Directions for this task >> Whenever a line contains "Disc", include it in the count; reply with the number of such lines in the data and nothing else.

(Stored items from a collection)
* * * * *

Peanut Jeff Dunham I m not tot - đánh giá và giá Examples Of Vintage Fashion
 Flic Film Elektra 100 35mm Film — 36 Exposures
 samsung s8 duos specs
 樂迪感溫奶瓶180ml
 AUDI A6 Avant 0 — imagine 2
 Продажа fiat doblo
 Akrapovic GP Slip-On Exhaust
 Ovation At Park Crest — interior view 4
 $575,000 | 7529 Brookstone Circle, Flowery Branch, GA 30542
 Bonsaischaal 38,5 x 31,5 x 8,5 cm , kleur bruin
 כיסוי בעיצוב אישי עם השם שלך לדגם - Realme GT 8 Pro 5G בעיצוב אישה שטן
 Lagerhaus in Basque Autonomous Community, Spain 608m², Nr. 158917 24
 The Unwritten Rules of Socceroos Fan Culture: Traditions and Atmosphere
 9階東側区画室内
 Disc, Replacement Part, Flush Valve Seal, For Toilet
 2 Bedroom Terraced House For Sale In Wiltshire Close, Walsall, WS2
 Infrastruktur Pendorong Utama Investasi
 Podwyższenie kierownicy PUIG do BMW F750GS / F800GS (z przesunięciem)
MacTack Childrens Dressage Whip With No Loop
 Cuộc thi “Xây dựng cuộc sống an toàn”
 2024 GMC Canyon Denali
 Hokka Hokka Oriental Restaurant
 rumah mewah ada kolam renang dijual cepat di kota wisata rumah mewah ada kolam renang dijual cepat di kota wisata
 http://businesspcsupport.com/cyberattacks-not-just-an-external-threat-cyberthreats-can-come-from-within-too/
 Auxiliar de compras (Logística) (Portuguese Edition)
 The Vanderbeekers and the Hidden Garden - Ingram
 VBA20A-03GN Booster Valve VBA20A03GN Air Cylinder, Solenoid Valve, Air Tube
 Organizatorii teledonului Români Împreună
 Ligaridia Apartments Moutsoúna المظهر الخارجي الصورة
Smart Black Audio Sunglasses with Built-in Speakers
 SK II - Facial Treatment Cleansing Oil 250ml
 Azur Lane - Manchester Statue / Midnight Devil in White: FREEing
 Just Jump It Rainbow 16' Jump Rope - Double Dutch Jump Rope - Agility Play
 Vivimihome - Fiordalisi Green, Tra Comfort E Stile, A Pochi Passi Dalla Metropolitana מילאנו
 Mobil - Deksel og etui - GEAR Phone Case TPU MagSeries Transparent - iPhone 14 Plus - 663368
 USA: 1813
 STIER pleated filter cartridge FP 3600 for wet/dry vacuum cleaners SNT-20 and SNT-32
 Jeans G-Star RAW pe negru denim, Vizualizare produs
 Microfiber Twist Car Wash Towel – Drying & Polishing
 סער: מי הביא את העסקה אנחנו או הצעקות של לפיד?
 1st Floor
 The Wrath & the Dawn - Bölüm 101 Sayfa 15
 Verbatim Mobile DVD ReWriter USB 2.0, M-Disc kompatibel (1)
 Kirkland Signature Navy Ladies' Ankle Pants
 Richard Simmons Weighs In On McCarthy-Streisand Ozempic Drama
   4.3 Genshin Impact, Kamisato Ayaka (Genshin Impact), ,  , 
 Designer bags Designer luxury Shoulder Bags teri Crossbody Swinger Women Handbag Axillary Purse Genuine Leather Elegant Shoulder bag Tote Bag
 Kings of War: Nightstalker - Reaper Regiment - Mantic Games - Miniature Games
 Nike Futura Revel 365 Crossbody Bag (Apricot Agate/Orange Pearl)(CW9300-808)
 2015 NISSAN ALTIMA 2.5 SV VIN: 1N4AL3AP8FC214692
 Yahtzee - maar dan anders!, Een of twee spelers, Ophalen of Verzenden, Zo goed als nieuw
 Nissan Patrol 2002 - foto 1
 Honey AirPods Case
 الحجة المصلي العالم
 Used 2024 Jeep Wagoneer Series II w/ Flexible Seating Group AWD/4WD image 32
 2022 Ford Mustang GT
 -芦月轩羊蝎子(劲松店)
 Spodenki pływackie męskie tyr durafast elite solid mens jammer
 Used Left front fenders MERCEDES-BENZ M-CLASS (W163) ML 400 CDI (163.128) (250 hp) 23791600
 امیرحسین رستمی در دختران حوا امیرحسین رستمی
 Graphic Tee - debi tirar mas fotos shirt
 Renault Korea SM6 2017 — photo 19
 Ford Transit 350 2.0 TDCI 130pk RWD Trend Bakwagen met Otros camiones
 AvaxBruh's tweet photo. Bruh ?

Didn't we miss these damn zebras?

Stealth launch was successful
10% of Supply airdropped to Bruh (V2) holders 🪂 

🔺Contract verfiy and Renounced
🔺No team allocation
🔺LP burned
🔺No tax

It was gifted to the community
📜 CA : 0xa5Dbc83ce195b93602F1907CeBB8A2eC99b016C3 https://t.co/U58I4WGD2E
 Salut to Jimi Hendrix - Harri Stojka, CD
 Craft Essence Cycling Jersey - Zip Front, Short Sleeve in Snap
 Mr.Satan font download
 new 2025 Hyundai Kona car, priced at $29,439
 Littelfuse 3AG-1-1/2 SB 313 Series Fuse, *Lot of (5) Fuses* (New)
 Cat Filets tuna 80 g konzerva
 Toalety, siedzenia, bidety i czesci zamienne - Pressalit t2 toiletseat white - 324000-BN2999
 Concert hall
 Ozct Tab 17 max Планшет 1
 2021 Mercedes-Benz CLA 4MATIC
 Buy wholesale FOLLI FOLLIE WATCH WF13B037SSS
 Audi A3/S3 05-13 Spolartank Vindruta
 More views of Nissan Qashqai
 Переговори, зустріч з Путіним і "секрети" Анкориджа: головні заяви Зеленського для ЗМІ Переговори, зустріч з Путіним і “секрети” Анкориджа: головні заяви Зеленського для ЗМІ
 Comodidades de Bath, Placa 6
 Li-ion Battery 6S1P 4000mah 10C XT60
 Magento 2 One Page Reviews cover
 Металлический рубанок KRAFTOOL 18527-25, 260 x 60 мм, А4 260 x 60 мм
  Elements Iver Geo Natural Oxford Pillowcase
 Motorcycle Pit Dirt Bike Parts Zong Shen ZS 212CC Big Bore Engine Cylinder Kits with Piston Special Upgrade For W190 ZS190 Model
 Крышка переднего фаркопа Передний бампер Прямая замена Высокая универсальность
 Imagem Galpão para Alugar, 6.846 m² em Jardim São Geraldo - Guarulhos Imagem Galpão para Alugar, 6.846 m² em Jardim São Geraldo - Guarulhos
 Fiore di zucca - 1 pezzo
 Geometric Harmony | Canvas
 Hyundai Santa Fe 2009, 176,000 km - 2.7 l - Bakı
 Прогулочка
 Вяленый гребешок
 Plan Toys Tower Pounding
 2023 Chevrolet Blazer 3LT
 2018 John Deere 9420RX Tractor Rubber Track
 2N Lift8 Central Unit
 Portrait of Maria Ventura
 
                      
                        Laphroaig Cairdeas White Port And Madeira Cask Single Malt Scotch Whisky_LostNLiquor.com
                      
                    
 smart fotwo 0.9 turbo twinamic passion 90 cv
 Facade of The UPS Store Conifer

* * * * *

Output below >> 2